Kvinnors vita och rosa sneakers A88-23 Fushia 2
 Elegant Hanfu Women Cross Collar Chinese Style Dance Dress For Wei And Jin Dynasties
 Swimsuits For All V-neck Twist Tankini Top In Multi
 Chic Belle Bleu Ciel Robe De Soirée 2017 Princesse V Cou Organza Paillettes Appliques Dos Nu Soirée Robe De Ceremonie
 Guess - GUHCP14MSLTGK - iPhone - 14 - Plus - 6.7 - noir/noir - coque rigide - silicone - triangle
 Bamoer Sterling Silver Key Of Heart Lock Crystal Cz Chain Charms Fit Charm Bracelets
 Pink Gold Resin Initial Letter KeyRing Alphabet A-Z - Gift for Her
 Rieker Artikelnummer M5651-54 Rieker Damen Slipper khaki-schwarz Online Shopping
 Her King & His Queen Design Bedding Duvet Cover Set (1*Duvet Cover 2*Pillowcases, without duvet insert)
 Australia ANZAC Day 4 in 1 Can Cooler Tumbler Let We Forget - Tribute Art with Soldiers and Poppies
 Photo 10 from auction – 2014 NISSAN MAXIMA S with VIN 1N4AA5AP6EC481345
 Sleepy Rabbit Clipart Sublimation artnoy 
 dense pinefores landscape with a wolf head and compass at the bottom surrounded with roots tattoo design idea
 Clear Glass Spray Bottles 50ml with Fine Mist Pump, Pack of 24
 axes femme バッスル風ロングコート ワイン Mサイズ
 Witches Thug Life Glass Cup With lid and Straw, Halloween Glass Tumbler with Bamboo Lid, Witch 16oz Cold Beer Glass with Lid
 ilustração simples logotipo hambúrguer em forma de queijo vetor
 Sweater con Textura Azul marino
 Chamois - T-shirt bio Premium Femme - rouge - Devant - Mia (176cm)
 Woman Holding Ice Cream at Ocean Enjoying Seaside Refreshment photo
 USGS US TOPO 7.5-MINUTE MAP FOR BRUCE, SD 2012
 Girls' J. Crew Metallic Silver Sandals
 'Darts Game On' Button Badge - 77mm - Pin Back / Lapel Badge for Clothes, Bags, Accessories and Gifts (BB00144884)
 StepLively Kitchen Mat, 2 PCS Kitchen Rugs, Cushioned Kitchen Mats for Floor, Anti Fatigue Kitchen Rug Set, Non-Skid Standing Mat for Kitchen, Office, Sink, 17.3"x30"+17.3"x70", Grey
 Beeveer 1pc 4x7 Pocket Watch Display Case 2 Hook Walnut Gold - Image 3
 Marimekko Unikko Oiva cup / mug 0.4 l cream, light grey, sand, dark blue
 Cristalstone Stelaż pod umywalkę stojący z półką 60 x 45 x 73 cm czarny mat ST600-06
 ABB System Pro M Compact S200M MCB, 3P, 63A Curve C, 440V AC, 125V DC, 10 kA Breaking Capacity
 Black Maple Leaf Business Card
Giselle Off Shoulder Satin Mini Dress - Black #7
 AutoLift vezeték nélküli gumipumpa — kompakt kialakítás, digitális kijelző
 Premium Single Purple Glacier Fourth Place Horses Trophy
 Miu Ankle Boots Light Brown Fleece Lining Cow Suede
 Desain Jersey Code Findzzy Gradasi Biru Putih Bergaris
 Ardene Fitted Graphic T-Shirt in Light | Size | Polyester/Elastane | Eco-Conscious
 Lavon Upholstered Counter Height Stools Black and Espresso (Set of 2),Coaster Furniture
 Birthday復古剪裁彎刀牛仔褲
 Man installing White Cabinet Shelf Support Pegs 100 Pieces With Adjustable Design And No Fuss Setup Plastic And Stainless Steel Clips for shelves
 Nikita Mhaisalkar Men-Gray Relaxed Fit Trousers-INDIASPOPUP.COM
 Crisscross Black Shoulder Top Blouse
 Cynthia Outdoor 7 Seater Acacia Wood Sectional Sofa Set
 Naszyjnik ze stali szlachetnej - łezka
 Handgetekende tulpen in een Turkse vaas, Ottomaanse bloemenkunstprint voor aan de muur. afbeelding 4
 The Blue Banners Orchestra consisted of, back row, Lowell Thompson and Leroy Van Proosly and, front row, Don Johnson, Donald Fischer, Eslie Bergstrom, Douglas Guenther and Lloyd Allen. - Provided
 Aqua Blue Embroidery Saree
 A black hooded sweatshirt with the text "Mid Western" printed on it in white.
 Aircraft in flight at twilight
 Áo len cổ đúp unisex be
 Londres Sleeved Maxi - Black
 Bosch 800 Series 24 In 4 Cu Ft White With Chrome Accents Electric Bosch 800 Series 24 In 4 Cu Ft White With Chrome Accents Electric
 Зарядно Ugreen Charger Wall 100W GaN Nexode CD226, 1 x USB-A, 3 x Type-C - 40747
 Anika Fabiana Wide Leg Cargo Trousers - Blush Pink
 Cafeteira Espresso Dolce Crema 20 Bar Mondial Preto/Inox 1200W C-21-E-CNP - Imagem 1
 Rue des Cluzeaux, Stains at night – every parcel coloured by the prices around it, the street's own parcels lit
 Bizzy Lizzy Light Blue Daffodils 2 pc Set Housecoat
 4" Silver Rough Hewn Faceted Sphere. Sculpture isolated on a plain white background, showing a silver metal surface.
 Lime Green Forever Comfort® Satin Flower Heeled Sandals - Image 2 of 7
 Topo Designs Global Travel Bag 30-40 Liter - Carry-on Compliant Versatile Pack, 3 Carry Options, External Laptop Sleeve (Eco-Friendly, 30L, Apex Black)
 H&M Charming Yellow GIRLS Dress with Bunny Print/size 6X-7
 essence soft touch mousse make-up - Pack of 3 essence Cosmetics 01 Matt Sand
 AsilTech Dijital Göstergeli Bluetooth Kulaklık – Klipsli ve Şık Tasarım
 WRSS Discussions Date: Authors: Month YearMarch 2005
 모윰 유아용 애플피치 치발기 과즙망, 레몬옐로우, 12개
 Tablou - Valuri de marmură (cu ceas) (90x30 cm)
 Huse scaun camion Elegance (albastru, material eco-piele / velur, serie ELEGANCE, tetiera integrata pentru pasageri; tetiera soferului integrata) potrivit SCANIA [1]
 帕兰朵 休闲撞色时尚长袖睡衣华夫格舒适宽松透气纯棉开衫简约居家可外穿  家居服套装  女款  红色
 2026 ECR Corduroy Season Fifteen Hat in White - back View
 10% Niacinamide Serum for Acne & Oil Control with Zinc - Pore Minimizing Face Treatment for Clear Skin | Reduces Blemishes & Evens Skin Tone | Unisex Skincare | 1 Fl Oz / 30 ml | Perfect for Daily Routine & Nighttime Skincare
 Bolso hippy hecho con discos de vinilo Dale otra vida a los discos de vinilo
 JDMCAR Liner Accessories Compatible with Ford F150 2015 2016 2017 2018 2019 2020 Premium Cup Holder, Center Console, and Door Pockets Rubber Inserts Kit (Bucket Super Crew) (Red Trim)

> What the task requires
Restate the data word for word.

> Written answer
Kvinnors vita och rosa sneakers A88-23 Fushia 2
 Elegant Hanfu Women Cross Collar Chinese Style Dance Dress For Wei And Jin Dynasties
 Swimsuits For All V-neck Twist Tankini Top In Multi
 Chic Belle Bleu Ciel Robe De Soirée 2017 Princesse V Cou Organza Paillettes Appliques Dos Nu Soirée Robe De Ceremonie
 Guess - GUHCP14MSLTGK - iPhone - 14 - Plus - 6.7 - noir/noir - coque rigide - silicone - triangle
 Bamoer Sterling Silver Key Of Heart Lock Crystal Cz Chain Charms Fit Charm Bracelets
 Pink Gold Resin Initial Letter KeyRing Alphabet A-Z - Gift for Her
 Rieker Artikelnummer M5651-54 Rieker Damen Slipper khaki-schwarz Online Shopping
 Her King & His Queen Design Bedding Duvet Cover Set (1*Duvet Cover 2*Pillowcases, without duvet insert)
 Australia ANZAC Day 4 in 1 Can Cooler Tumbler Let We Forget - Tribute Art with Soldiers and Poppies
 Photo 10 from auction – 2014 NISSAN MAXIMA S with VIN 1N4AA5AP6EC481345
 Sleepy Rabbit Clipart Sublimation artnoy 
 dense pinefores landscape with a wolf head and compass at the bottom surrounded with roots tattoo design idea
 Clear Glass Spray Bottles 50ml with Fine Mist Pump, Pack of 24
 axes femme バッスル風ロングコート ワイン Mサイズ
 Witches Thug Life Glass Cup With lid and Straw, Halloween Glass Tumbler with Bamboo Lid, Witch 16oz Cold Beer Glass with Lid
 ilustração simples logotipo hambúrguer em forma de queijo vetor
 Sweater con Textura Azul marino
 Chamois - T-shirt bio Premium Femme - rouge - Devant - Mia (176cm)
 Woman Holding Ice Cream at Ocean Enjoying Seaside Refreshment photo
 USGS US TOPO 7.5-MINUTE MAP FOR BRUCE, SD 2012
 Girls' J. Crew Metallic Silver Sandals
 'Darts Game On' Button Badge - 77mm - Pin Back / Lapel Badge for Clothes, Bags, Accessories and Gifts (BB00144884)
 StepLively Kitchen Mat, 2 PCS Kitchen Rugs, Cushioned Kitchen Mats for Floor, Anti Fatigue Kitchen Rug Set, Non-Skid Standing Mat for Kitchen, Office, Sink, 17.3"x30"+17.3"x70", Grey
 Beeveer 1pc 4x7 Pocket Watch Display Case 2 Hook Walnut Gold - Image 3
 Marimekko Unikko Oiva cup / mug 0.4 l cream, light grey, sand, dark blue
 Cristalstone Stelaż pod umywalkę stojący z półką 60 x 45 x 73 cm czarny mat ST600-06
 ABB System Pro M Compact S200M MCB, 3P, 63A Curve C, 440V AC, 125V DC, 10 kA Breaking Capacity
 Black Maple Leaf Business Card
Giselle Off Shoulder Satin Mini Dress - Black #7
 AutoLift vezeték nélküli gumipumpa — kompakt kialakítás, digitális kijelző
 Premium Single Purple Glacier Fourth Place Horses Trophy
 Miu Ankle Boots Light Brown Fleece Lining Cow Suede
 Desain Jersey Code Findzzy Gradasi Biru Putih Bergaris
 Ardene Fitted Graphic T-Shirt in Light | Size | Polyester/Elastane | Eco-Conscious
 Lavon Upholstered Counter Height Stools Black and Espresso (Set of 2),Coaster Furniture
 Birthday復古剪裁彎刀牛仔褲
 Man installing White Cabinet Shelf Support Pegs 100 Pieces With Adjustable Design And No Fuss Setup Plastic And Stainless Steel Clips for shelves
 Nikita Mhaisalkar Men-Gray Relaxed Fit Trousers-INDIASPOPUP.COM
 Crisscross Black Shoulder Top Blouse
 Cynthia Outdoor 7 Seater Acacia Wood Sectional Sofa Set
 Naszyjnik ze stali szlachetnej - łezka
 Handgetekende tulpen in een Turkse vaas, Ottomaanse bloemenkunstprint voor aan de muur. afbeelding 4
 The Blue Banners Orchestra consisted of, back row, Lowell Thompson and Leroy Van Proosly and, front row, Don Johnson, Donald Fischer, Eslie Bergstrom, Douglas Guenther and Lloyd Allen. - Provided
 Aqua Blue Embroidery Saree
 A black hooded sweatshirt with the text "Mid Western" printed on it in white.
 Aircraft in flight at twilight
 Áo len cổ đúp unisex be
 Londres Sleeved Maxi - Black
 Bosch 800 Series 24 In 4 Cu Ft White With Chrome Accents Electric Bosch 800 Series 24 In 4 Cu Ft White With Chrome Accents Electric
 Зарядно Ugreen Charger Wall 100W GaN Nexode CD226, 1 x USB-A, 3 x Type-C - 40747
 Anika Fabiana Wide Leg Cargo Trousers - Blush Pink
 Cafeteira Espresso Dolce Crema 20 Bar Mondial Preto/Inox 1200W C-21-E-CNP - Imagem 1
 Rue des Cluzeaux, Stains at night – every parcel coloured by the prices around it, the street's own parcels lit
 Bizzy Lizzy Light Blue Daffodils 2 pc Set Housecoat
 4" Silver Rough Hewn Faceted Sphere. Sculpture isolated on a plain white background, showing a silver metal surface.
 Lime Green Forever Comfort® Satin Flower Heeled Sandals - Image 2 of 7
 Topo Designs Global Travel Bag 30-40 Liter - Carry-on Compliant Versatile Pack, 3 Carry Options, External Laptop Sleeve (Eco-Friendly, 30L, Apex Black)
 H&M Charming Yellow GIRLS Dress with Bunny Print/size 6X-7
 essence soft touch mousse make-up - Pack of 3 essence Cosmetics 01 Matt Sand
 AsilTech Dijital Göstergeli Bluetooth Kulaklık – Klipsli ve Şık Tasarım
 WRSS Discussions Date: Authors: Month YearMarch 2005
 모윰 유아용 애플피치 치발기 과즙망, 레몬옐로우, 12개
 Tablou - Valuri de marmură (cu ceas) (90x30 cm)
 Huse scaun camion Elegance (albastru, material eco-piele / velur, serie ELEGANCE, tetiera integrata pentru pasageri; tetiera soferului integrata) potrivit SCANIA [1]
 帕兰朵 休闲撞色时尚长袖睡衣华夫格舒适宽松透气纯棉开衫简约居家可外穿  家居服套装  女款  红色
 2026 ECR Corduroy Season Fifteen Hat in White - back View
 10% Niacinamide Serum for Acne & Oil Control with Zinc - Pore Minimizing Face Treatment for Clear Skin | Reduces Blemishes & Evens Skin Tone | Unisex Skincare | 1 Fl Oz / 30 ml | Perfect for Daily Routine & Nighttime Skincare
 Bolso hippy hecho con discos de vinilo Dale otra vida a los discos de vinilo
 JDMCAR Liner Accessories Compatible with Ford F150 2015 2016 2017 2018 2019 2020 Premium Cup Holder, Center Console, and Door Pockets Rubber Inserts Kit (Bucket Super Crew) (Red Trim)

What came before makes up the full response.